America is one of the most openly and visibly hyper sexual cultures on the planet. It is also oddly conservative regarding what’s considered the appropriate way a woman should cover her body.

The fundamental concept appears to be that a woman must cover her body to protect a man from his own lustful thoughts.  This concept is flawed for a few reasons.  It assumes that a man cannot control his own thoughts.  Is assumes that men are weak, helpless and utterly unable to reign in their sexual desires.  It tells a woman that she is to blame if any man sees her and has a lustful thought.  Is it possible for a person to control what another thinks?

If this were true, then the more clothing a woman wore the less a man would desire her.  But this is not the case. I’ve been told by men that seeing women wearing burkas is arousing to them.  A burka is a type of clothing worn primarily in Muslim cultures and which requires most or all of a woman’s body to be completely covered. The woman was completely covered except for her eyes, yet the men were still aroused.  Why? They explained that it was more sexy to imagine what was underneath her covering than when little was left to the imagination.  Being fully covered seemed to do nothing to stop men from having lustful thoughts.

Beautiful girl wearing a niqab – grey background

I can think of no other social or moral construct that holds one person directly responsible for another person’s thoughts.  Religions take it a step further by teaching that a woman is sinning by wearing flattering clothes.

The first time this occurred to me was when I became a mother.  I was put under so much pressure to conceal myself when nursing my sons.  It was extremely uncomfortable both for me and my children.  We were forced to hide under blankets in the heat of summer and seek refuge in the car no matter the weather when my child wanted to nurse.  I remember thinking that there is nothing sexual about feeding my child and if someone was turned on by seeing it, they were the problem.  Yet I was made to feel immense shame if I was ever seen breastfeeding my child.

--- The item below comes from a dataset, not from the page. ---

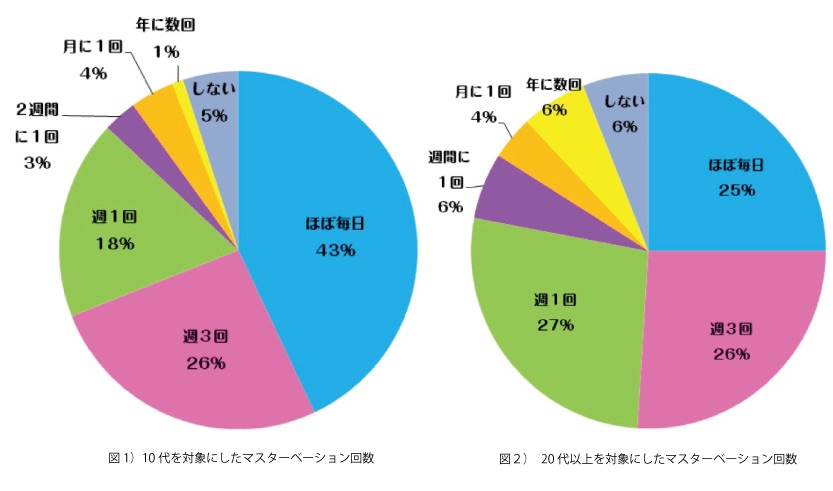 24時間で21回連続射精オナニーしてテクノブレイクするか検証してみた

Where does the problem lie?  Is the problem in the body of a woman or in the mind of the viewer?  Who is really to blame when sex is projected onto a non-sexual act?

Even worse, a woman’s body only incites consternation in certain contexts.  There’s little if any outrage about using a scantily clad woman to advertise a product.  As long as a woman’s body is being exploited by corporate interests to sell cars, beauty products or promote nightclubs, society isn’t bothered or threatened. Yet if a woman wears clothing that is flattering to her physical form for her own enjoyment, it’s considered unseemly and is frowned upon.  Is it self empowered women that threaten the status quo?

This notion is dangerous because it fosters a certain sexual and emotional retardation in men.   It also reinforces the idea that a woman’s body is primarily a sexual object.  This contributes to rape culture.

Where is the personal responsibility?  How did we reach this point where we’ve given up on a man’s ability to be emotionally and spiritually mature?

Men, I believe in you.  I believe in your ability to control your own thoughts.  You are not helpless in the grip of a woman’s physical beauty.

Let’s stop demonizing something that isn’t evil – the beauty of the physical form.  Instead, let’s demonize the thing that IS evil – lack of internal discipline and emotional immaturity.

These ideas are wrong and disempower both men and women.  They say that men are weak and women are wrong simply for being attractive.